(Data excerpts)
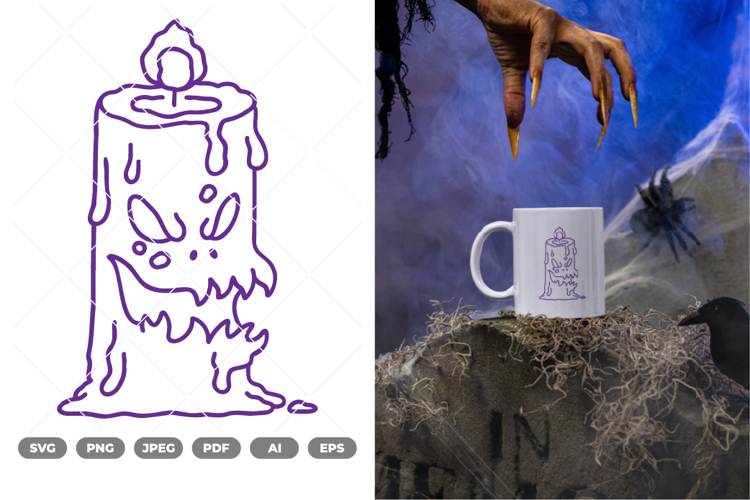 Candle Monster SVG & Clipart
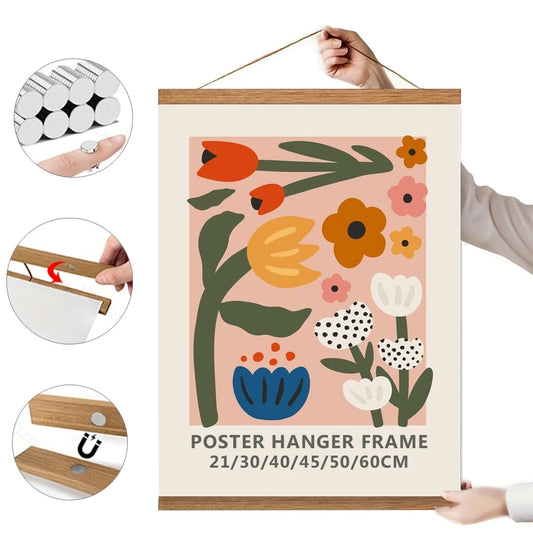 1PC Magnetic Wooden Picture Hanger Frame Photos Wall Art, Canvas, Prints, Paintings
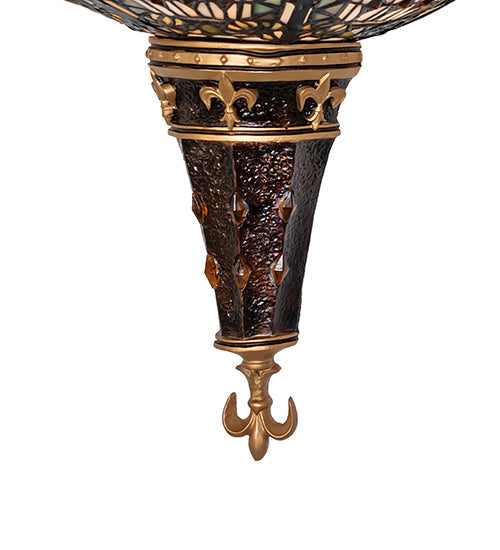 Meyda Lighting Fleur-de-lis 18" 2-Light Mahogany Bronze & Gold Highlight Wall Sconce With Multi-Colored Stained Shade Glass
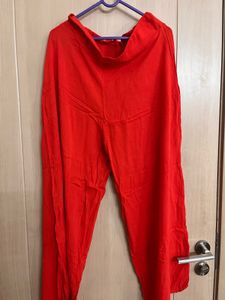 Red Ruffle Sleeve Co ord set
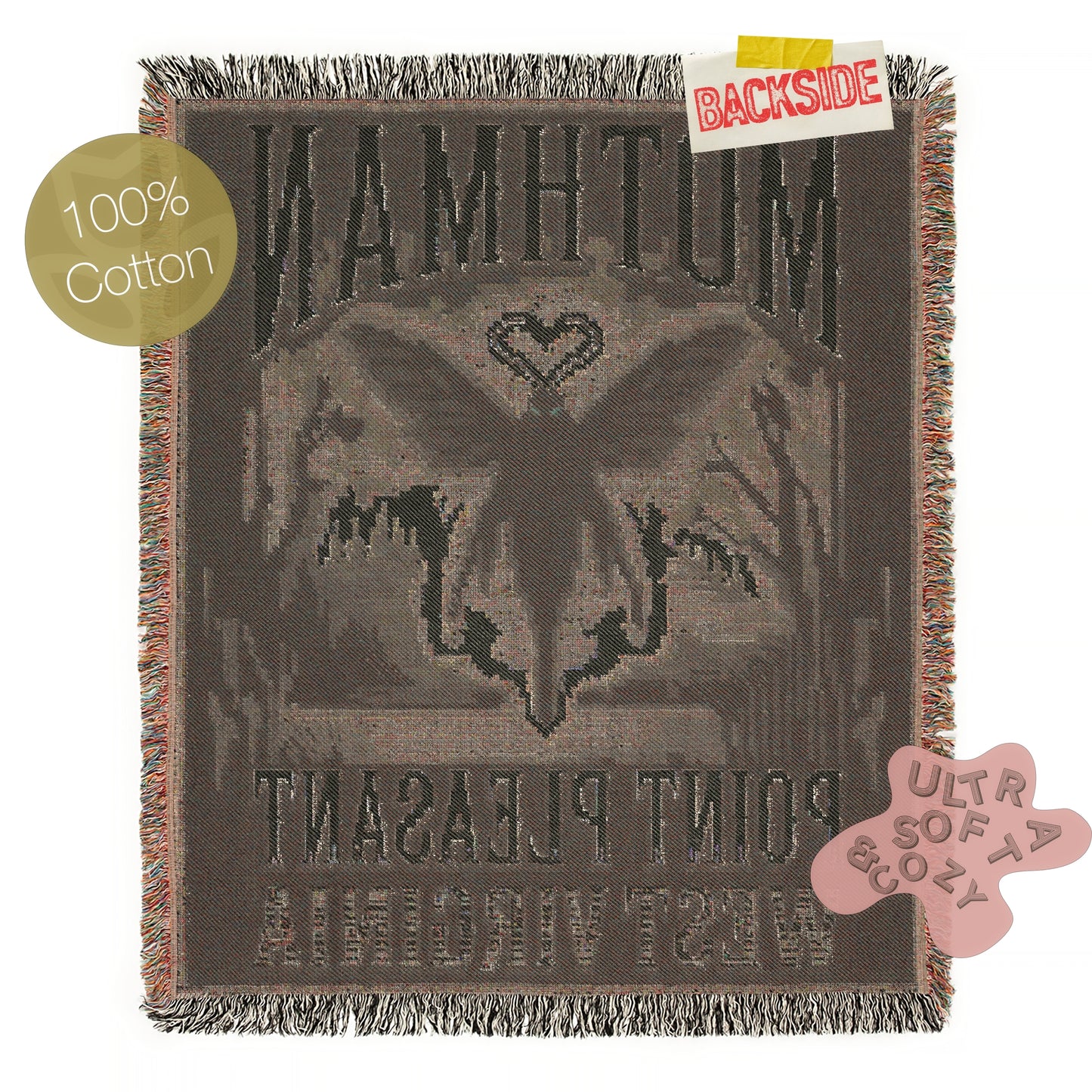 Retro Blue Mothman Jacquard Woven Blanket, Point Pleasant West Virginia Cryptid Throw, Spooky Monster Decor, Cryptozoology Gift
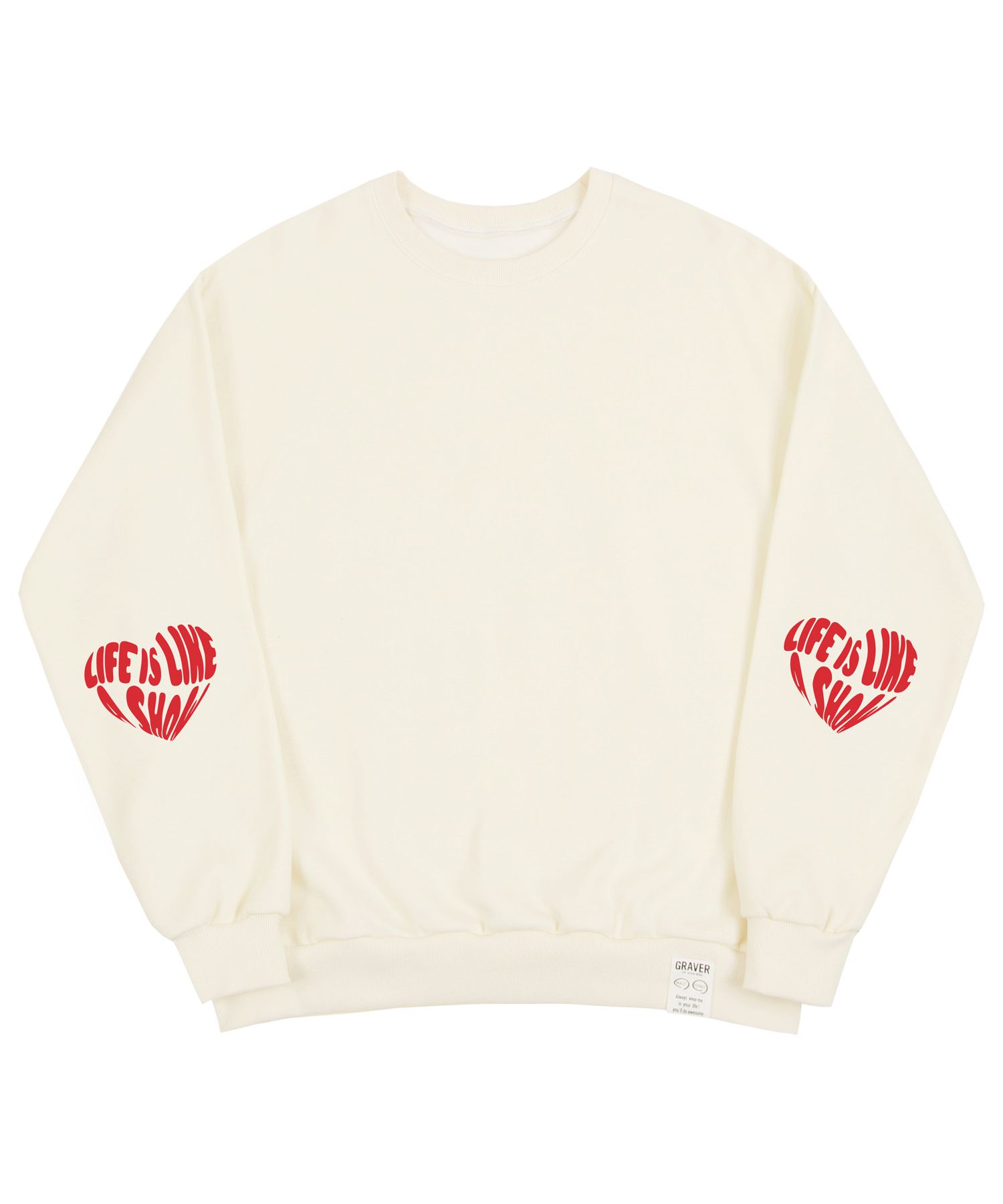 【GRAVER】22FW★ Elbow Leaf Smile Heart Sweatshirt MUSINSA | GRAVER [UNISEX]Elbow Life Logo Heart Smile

- _Try it_
Write every record out again exactly; no pictures belong in the copy.

- _Your solution_
 Candle Monster SVG & Clipart
 1PC Magnetic Wooden Picture Hanger Frame Photos Wall Art, Canvas, Prints, Paintings
 Meyda Lighting Fleur-de-lis 18" 2-Light Mahogany Bronze & Gold Highlight Wall Sconce With Multi-Colored Stained Shade Glass
 Red Ruffle Sleeve Co ord set
 Retro Blue Mothman Jacquard Woven Blanket, Point Pleasant West Virginia Cryptid Throw, Spooky Monster Decor, Cryptozoology Gift
 【GRAVER】22FW★ Elbow Leaf Smile Heart Sweatshirt MUSINSA | GRAVER [UNISEX]Elbow Life Logo Heart Smile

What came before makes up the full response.